Une fois ces territoires acquis, ils procèdent au marquage de leurs territoires, où ils exercent aussi d’un contrôle plus strict, par le biais de prélèvements illicites de biens publics ou privés, qu’ils appellent eux-mêmes « taxer », termes bien connus dans les rues de Douala.Toute chose qui a une influence immédiate sur la production de la violence, les différents membres étant solidaires entre eux et prêts à défendre les leurs et leurs territoire coûte que vaille. Le trafic de drogue et autre stupéfiants, la facilité d’accès au jeu de hasard et de l’argent désormais offerte par les boites à sous installées dans des carrefours et des bistrots, viennent compléter la liste des  ingrédients.

Solutions de surface

Saisissant le taureau par les cornes, le gouverneur de la région du Littoral, Samuel Dieudonné IvahaDiboua a présidé au cercle municipal de New Bell le 03 novembre 2019, au lendemain de la résurgence de ces violences, une réunion de sensibilisation des populations sur ce phénomène de retour. Réunion au cours de laquelle il a rappelé au préfet du Wouri et aux sous-préfets des différents arrondissements  des mesures à prendre. Rien de nouveaux sous les cieux, puisque le respect des  heures de fermetures des débits de boissons, l’une des solutions prescrites,  sont connues mais ignorées. Les comités de vigilances qu’il a aussi demandé de renforcer sont d’une efficacité questionnable pour ne citer que ces exemples.
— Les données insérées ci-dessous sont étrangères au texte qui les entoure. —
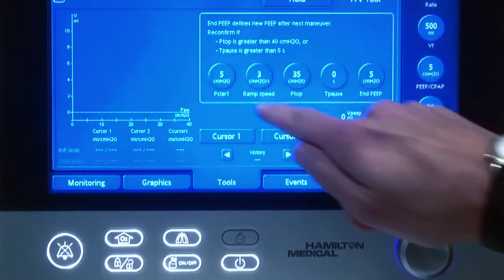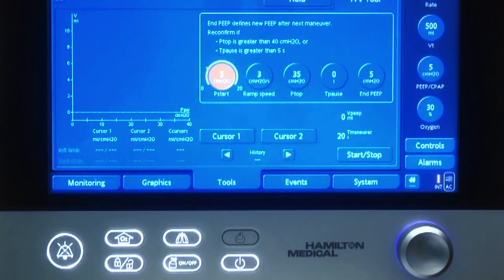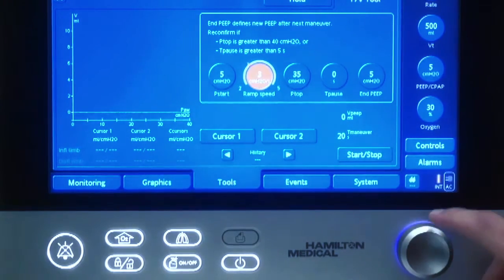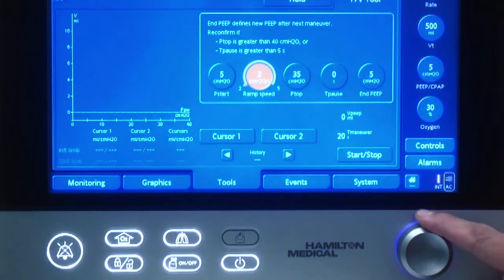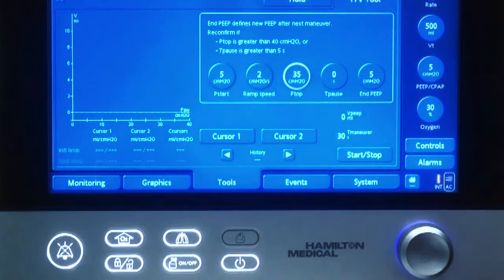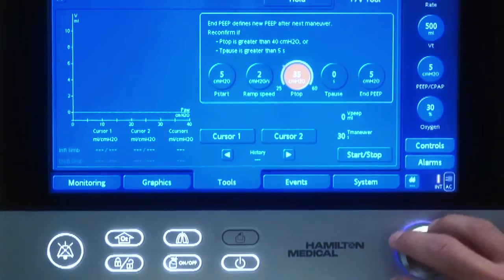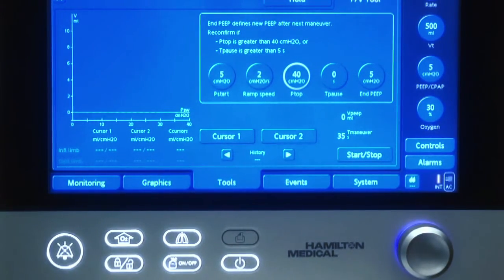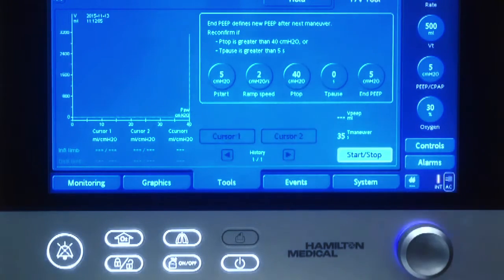First we set the pressure where we want the PV curve to start. Then we choose the ramp speed as low as possible. And then the Ptop, which we put to a level that we consider safe for the patient — 40 in this case. Then we can start.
Encore qu’il ne s’agit là que des solutions de surface. Aux Etats Unis, après que des émeutes raciales ont secoué les grandes villes en 1968, le sociologue afro-américain Kenneth Clark avait  déclaré devant une commission  réunie à la demande du président Lyndon Baines Johnson, qu’en lisant les rapports de ces violences, il voyait le même film qu’on repassait éternellement, avec les mêmes analyses, les mêmes recommandations, et la  même inaction.

Repenser la ville

D’autant plus que la reconstruction urbaine est préconisée comme solution aux violences urbaines. Repenser l’aménagement des banlieues a débuté dans les années 1970 aux États-Unis, en France, on parle d’ « architecture de prévention ». Changer la ville deviendrait un moyen de changer le mode de vie de celle-ci, Même comme  le problème des inégalités sociales est, en effet de plus en plus important.Selon la banque mondiale d’ailleurs, les interventions les plus efficaces traitent la violence urbaine comme une crise de santé publique, et ChloëFèvre, spécialiste senior du développement social dans cette institution  explique que « les stratégies de prévention de la violence efficaces consistent presque toujours en des stratégies multisectorielles et propres à chaque situation, elles doivent également prendre en compte les spécificités hommes-femmes et cibler avant tout les jeunes : plus les facteurs de risque sont neutralisés tôt, plus les chances de réussite sont élevées. » Mais en l’absence de gestion anticipative, dans les villes camerounaises, on est arrivé à une situation de quasi guerre, qu’elle soit psychologique, physique, économique ou politique. Et comme pour toute guerre, il y a ceux qui la nourrissent, il y a ceux qui s’en nourrissent, et il y a surtout ceux qui la subissent.